Effect of Higher Radial Harmonics in Sausage Oscillations in Coronal Loops

Impulsively excited sausage oscillations of a plasma cylinder with a smooth radial profile of Alfvén speed are analyzed with a numerical solution of the initial-value problem for a partial differential equation of the Klein-Gordon type, describing linear magnetoacoustic oscillations with a fixed axial wavelength and an azimuthal mode number. The range of analyzed ratios of Alfvén speeds outside and inside the cylinder is from 2 to 10. Both trapped and leaky regimes of the oscillations are considered. It is shown that even in the long-wavelength limit, i.e., for axial wavenumbers much smaller than the cutoff values, damping times of higher radial sausage harmonics could be significantly greater than the oscillation periods, i.e., several oscillation cycles could be present in the signal. The quality factors decrease with decreasing ratios of Alfvén speeds outside and inside the cylinder. Oscillation periods of the second and third radial harmonics remain practically independent of the axial wavelength even when the wavelength is shorter than the radius of the cylinder.

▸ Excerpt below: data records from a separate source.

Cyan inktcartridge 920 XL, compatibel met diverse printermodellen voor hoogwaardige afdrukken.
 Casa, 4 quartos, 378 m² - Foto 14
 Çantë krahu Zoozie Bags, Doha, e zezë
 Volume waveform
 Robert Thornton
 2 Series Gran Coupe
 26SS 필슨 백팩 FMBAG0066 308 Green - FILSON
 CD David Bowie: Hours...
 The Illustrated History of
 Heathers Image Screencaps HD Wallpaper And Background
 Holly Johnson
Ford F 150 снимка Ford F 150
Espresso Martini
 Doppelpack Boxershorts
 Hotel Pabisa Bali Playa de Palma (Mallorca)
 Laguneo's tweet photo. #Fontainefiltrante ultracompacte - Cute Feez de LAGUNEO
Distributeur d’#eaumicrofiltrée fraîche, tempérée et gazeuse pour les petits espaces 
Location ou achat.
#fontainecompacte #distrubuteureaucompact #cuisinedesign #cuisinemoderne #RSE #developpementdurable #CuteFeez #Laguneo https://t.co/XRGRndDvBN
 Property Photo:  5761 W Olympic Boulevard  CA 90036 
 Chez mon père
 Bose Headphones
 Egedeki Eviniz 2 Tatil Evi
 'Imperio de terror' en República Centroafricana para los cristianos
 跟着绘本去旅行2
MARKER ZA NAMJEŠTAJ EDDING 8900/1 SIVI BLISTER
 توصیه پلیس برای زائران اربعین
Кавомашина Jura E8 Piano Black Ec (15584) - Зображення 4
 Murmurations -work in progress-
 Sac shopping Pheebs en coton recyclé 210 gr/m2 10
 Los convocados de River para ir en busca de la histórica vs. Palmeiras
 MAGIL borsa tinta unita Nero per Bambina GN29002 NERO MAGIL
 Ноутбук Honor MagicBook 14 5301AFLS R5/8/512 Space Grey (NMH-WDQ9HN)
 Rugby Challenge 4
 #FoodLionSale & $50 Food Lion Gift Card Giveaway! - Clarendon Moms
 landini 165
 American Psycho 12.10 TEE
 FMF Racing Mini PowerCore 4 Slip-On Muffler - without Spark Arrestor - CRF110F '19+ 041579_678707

The ratios of oscillation periods of fundamental and higher radial and axial harmonics are found to be significantly different, up to a factor of two in the long-wavelength limit. It is concluded that higher radial harmonics could be responsible for the departure of observed sausage oscillation signals from a harmonic shape, especially during the first several cycles of the oscillation. Even in the absence of spatially resolved data, higher axial and radial harmonics can be distinguished from each other by the period ratios.

This work was supported by Institute for Information & communications Technology Promotion (IITP) grant funded by the Korea government (2018-0-01422, Study on analysis and prediction technique of solar flares).